Inference Pipeline Design
MemOVCD conducts sequential inference in the following stages:
- Global Initialization: Acquisition of coarse segmentation masks conditioned on the query.
- Cross-Temporal Prompting: Bidirectional memory reasoning using transition frames and mask propagation.
- Logit Computation: Patch-wise and global-view unary potentials are computed and merged.
- Adaptive Rectification: Component-wise fusion reconciles local and global predictions for spatially consistent final masks.
- Instance Decoupling and Change Decoding: Final change masks are produced by matching and merging instance-level predictions across timestamps.
Experimental Results
MemOVCD is evaluated on five public benchmarks—LEVIR-CD, DSIFN, S2Looking, BANDON, and SECOND—covering both building and land-cover semantic change detection tasks.
- Performance: On LEVIR-CD, MemOVCD achieves IoUc=72.5 and F1c​=84.1, outperforming competing training-free and even training-requiring paradigms. It similarly leads on S2Looking and BANDON, and is competitive on DSIFN.
- Ablation Analysis: Removing cross-temporal memory reasoning, adaptive rectification, or global refinement consistently degrades performance, confirming the complementary necessity of each module.
- Sensitivity to Bridging: A moderate number of (K=3) transition frames optimizes performance, substantiating the need for, but also the limits of, intermediate state augmentation.
- Robustness: MemOVCD generalizes across diverse scenes, benefiting from bidirectional propagation (asymmetric change cases), and achieves improved spatial consistency due to its rectification mechanism.
Implications and Future Directions
MemOVCD demonstrates that explicit cross-temporal memory propagation, supported by intermediate appearance alignment and adaptive rectification, enables training-free open-vocabulary change detection to rival or exceed previous supervised approaches. This approach points to several theoretical implications:
- Temporal Coupling Supersedes Post-Hoc Comparison: Conditioning semantic feature extraction on both timestamps produces more robust representations, especially under appearance shifts and large temporal gaps.
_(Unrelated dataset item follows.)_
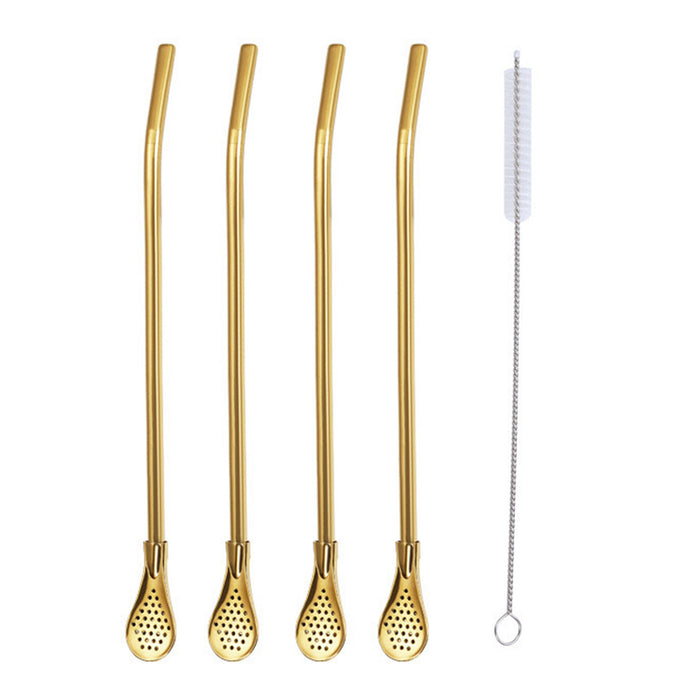 5 Pcs Straw Spoons with Removable Filter 18cm Stainless Steel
- Modular Global-Local Fusion as a Remedy for Patch Artifacts: The fusion approach balances detail with global consistency—a likely blueprint for future high-resolution semantic segmentation in remote sensing.
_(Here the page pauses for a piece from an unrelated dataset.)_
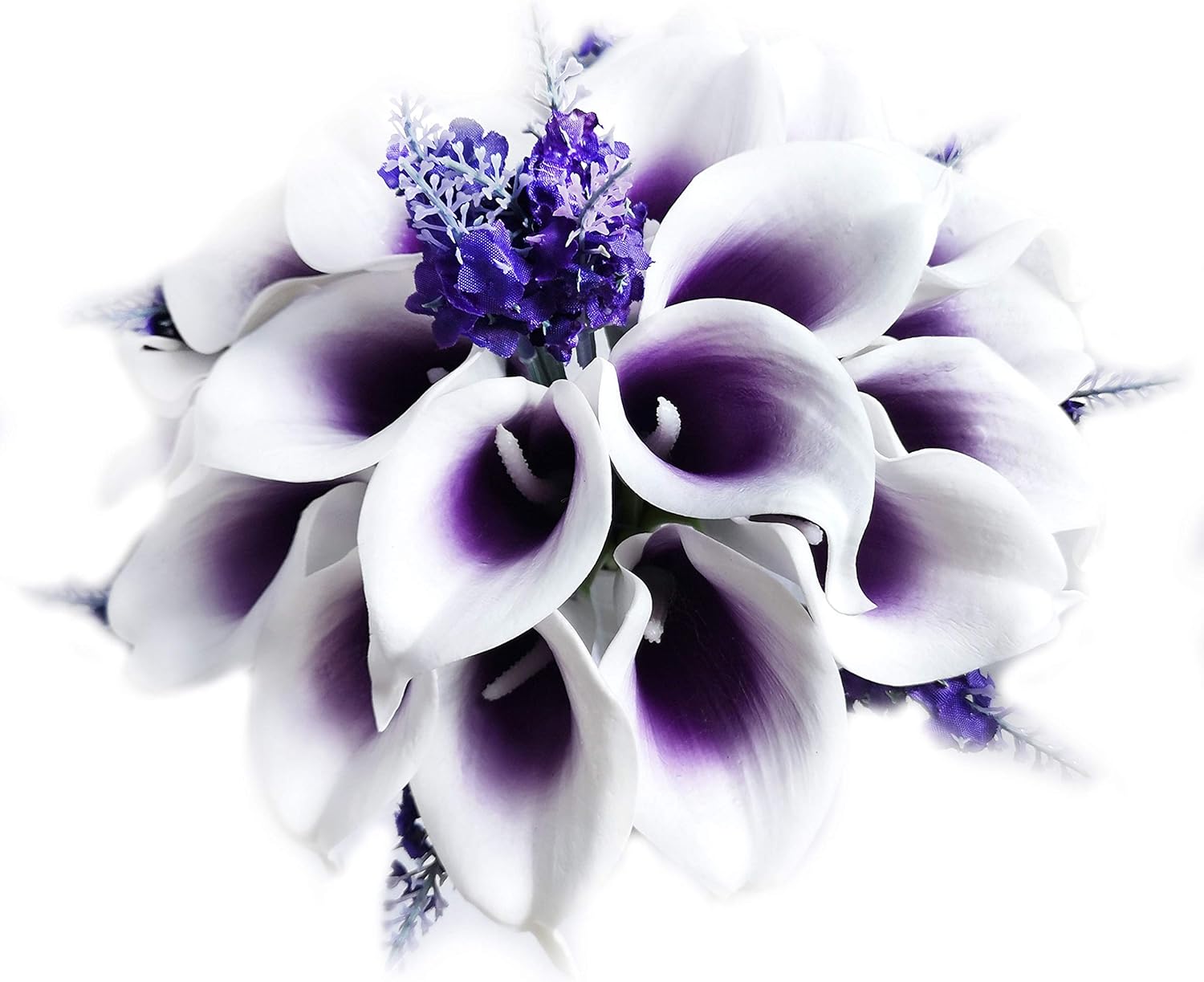 Purple Picasso Calla Lilies Wedding Floral Set Artificial Real Touch Flowers (Lavender Bouquet 9 inch)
- Training-Free Generalization: Reliance on foundation model priors and zero-shot prompting are practical for rapid domain adaptation; such architectures are increasingly relevant as satellite imagery scales.
Looking forward, the principle of temporally coupled reasoning and adaptive multi-scale fusion could extend to more complex multi-temporal settings, fine-grained semantic change tracking, or general video-based open-vocabulary tasks. Improving the generation of transition frames and exploring more expressive temporal priors may yield further gains in robustness and generalization.
Conclusion
MemOVCD defines a new state-of-the-art in training-free open-vocabulary change detection for remote sensing applications. By integrating cross-temporal memory-driven reasoning with global-local adaptive rectification, it achieves superior semantic and spatial consistency, outperforming prior zero-shot and training-heavy pipelines. This framework paves the way for highly adaptable, query-driven monitoring systems in earth observation, resilient to diverse scenes, categories, and temporal shifts.